Daí advir o termo maquiavelismo, que indica astúcia, conduta pérfida.
• O facto é que Maquiavel professou uma teoria utilitária e absolutamente alheia aos valores morais, distanciando-se dos padrões
medievais, que subordinavam as construções políticas ao primado da Ética e ao reconhecimento de uma ideia universal de
Direito.
• Ao afastar a arte da administração pública da Moral, a doutrina de Maquiavel não comportava a ideia do Direito Natural, que é
sede de valores morais e das sementes do justo. O engajamento de Maquiavel ao espírito renascentista se deu mais por uma
ruptura com a tradicional cultura medieval do que por vinculação às ideias greco-romanas do passado, pois é sabido que não se
inspirou naquelas fontes.
BODIN.
• Ao desenvolver as suas concepções sobre o Estado, Jean Bodin (1530-1596) esteve com a sua atenção voltada para a atualidade
da França, sua pátria, que passava por uma crise de poder, decorrente de divisões religiosas.

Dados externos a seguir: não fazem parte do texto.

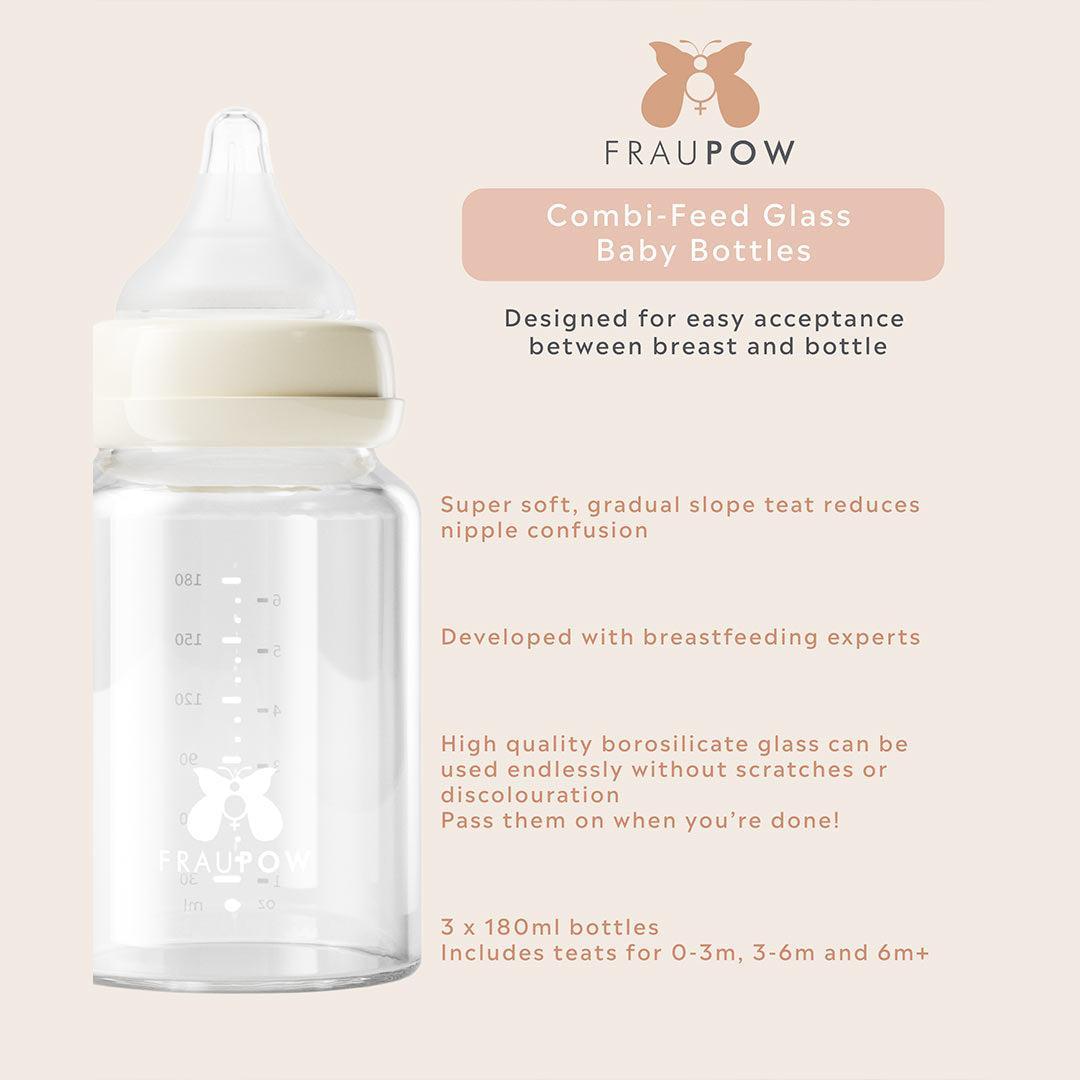  Fraupow Combi-Feed Glass Baby Bottles | Pack of 3、mySite、merchandisen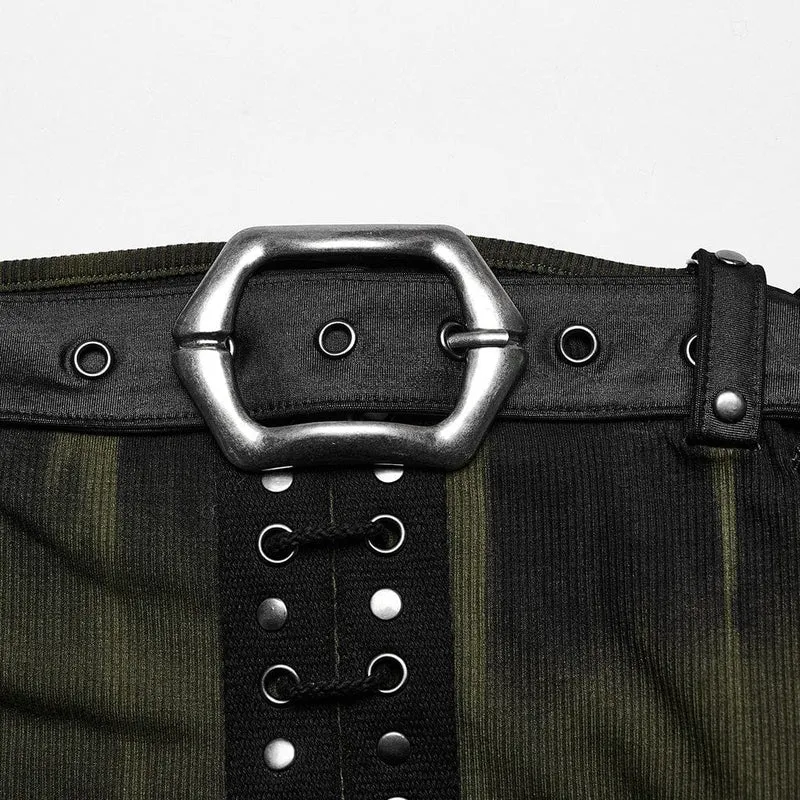 Schulterfreies Kleid mit Punk-Schnalle und Ösen für Damen in Schwarz-Grün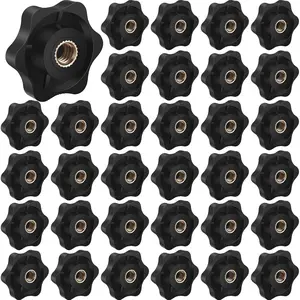 30 count Female Threaded Knob Black Plastic  Thru  Nuts Clamping(6 ,1/4"-20)
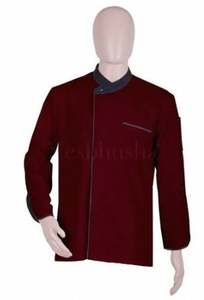 Chaqueta de Chef Unisex de Algodón con Estampado por Transferencia Térmica y Cierre de Botones de Manga Corta, con Detección de Agujas, para Uniforme de Cocina de Restaurante - Product Image 4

• Diferentemente de Maquiavel, que preconizou o fortalecimento do poder pela ação política de um déspota, Bodin ou Bodino, que
estudara leis em Tolouse, baseou-se no Direito.
• Em sua obra De la République, escrita em seis volumes, destacam-se as reflexões sobre a soberania, concebida esta como “la
puissance absolue et perpétuelle d’une République”.
• Bodin atribuiu um poder indivisível à soberania, rebelando-se contra o fracionamento feudal.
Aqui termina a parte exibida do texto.